To light a tent, an’ two men, an’ a dog ….

     Then both of us, like some queer instinct bids,

     Stands up, serloots the Bridge, we dips our lids.



Today, Australia Day, at 2.45pm I will host a poetry session in the Rotunda of City Park, Launceston. (What a beautiful city, the third oldest in Australia).

I will read some of Judith Wright. I am not sure of the copyright status but will check it out next week and pay up if I have to. Here, then, the Black Cockatoos.

It’s worth being Australian just for this one poem, IMHO.


Each certain kind of weather or of light

has its own creatures. Somewhere else they

wait as though they but inhabited heat or cold,

twilight or dawn, and knew no other state.

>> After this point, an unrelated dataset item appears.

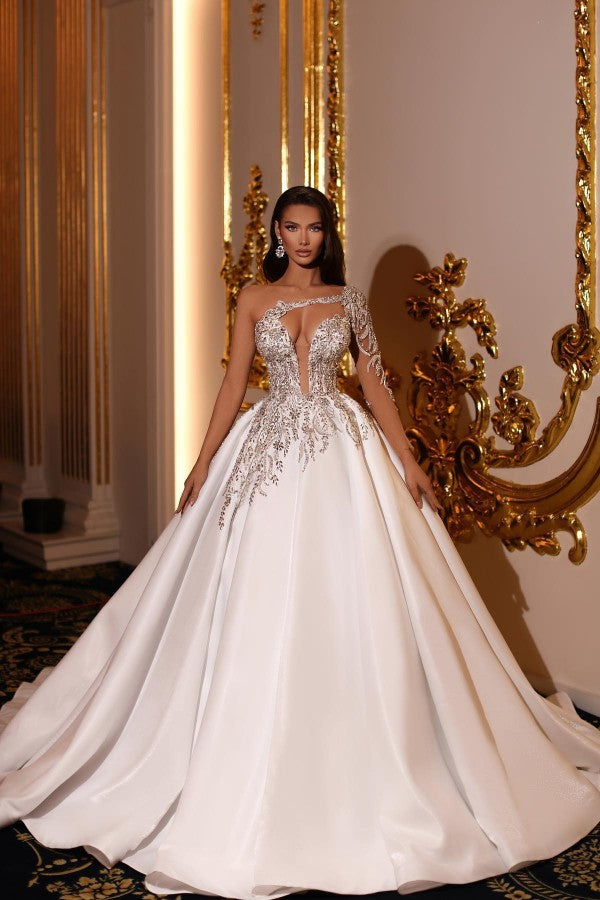 Fabulous Princess Long Long V-Neck One Shoulder Wedding Dresses Online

Then at their time they come, timid or bold.

So when the long drought-winds, sandpaper-harsh,

were still, and the air changed, and the clouds came,

and other birds were quiet in prayer or fear,

these knew their hour. Before the first far flash

lit up, or the first thunder spoke its name,

in heavy flight they came, till I could hear

the wild black cockatoos, tossed on the crest

of their high trees, crying the world’s unrest.



  1. I found this poem – uncredited.

    Invasion Day Australia day 1788

    The white fella came in big boats back in 1788
    He liked our land and all the things to see
    But he didnt like me and my family
    We were just dumb black fellas
    Driven deep into the outback we gathered
    But it wasnt too long that theyt came hunting
    and this time we fought back but they had spears that went crack

    Years went by and we had to hide
    Deep in the gully of the winjanna tribe
    Some of our family went to missions
    Other just went missing
    At the mission they gave us white man food white man clothes taught us about the big fella god
    We had to get a pass to leave a permit to have a meeting and if we didnt have a pass we got a beating
    White man soon let his lust run wild on the plain and his seed pour out with black fella woman
    She had white mans baby but they white fellas governor said she was no good at raising baby so they took them away and put em in nice home miles away with good white family
    Black fella was treated like a bad man but before white man came we just roamed the land
    Hunting gathering no being a worry to anyone
    Before white man came we had good bush tucker
    We had freedom of our land
    We had our own laws
    We had our own god
    He brought his laws his bad health bad drink and his bad attitude to balck fellas

    Its australia day hip hip hooray
    But we black fellas call it invasion daycoz thats the day white fella came and changed everything about our ways.

  2. Unfortunately Mary, not much can be done to undo the past. It will take a very long time to end the cultural clash because certain white fella’ have made an industry out of the situation.

    With time and good intentions on both sides of the fence, a fine result can be achieved. We have to remember, there are good and bad people in all cultures, sometimes there are more of one than the other. Unfortunately, some religions deliberately mould their followers ethics in the wrong direction.

    Imperialism has a lot to answer for. Imagine the finance and time that will be required to rebuild Libya and Syria to their former liveability because of American Imperialistic attempts.

    But at least there is not as big a cultural difference between the people of the Middle East and the US as the cultural difference between Aboriginal and European culture in the eighteenth century.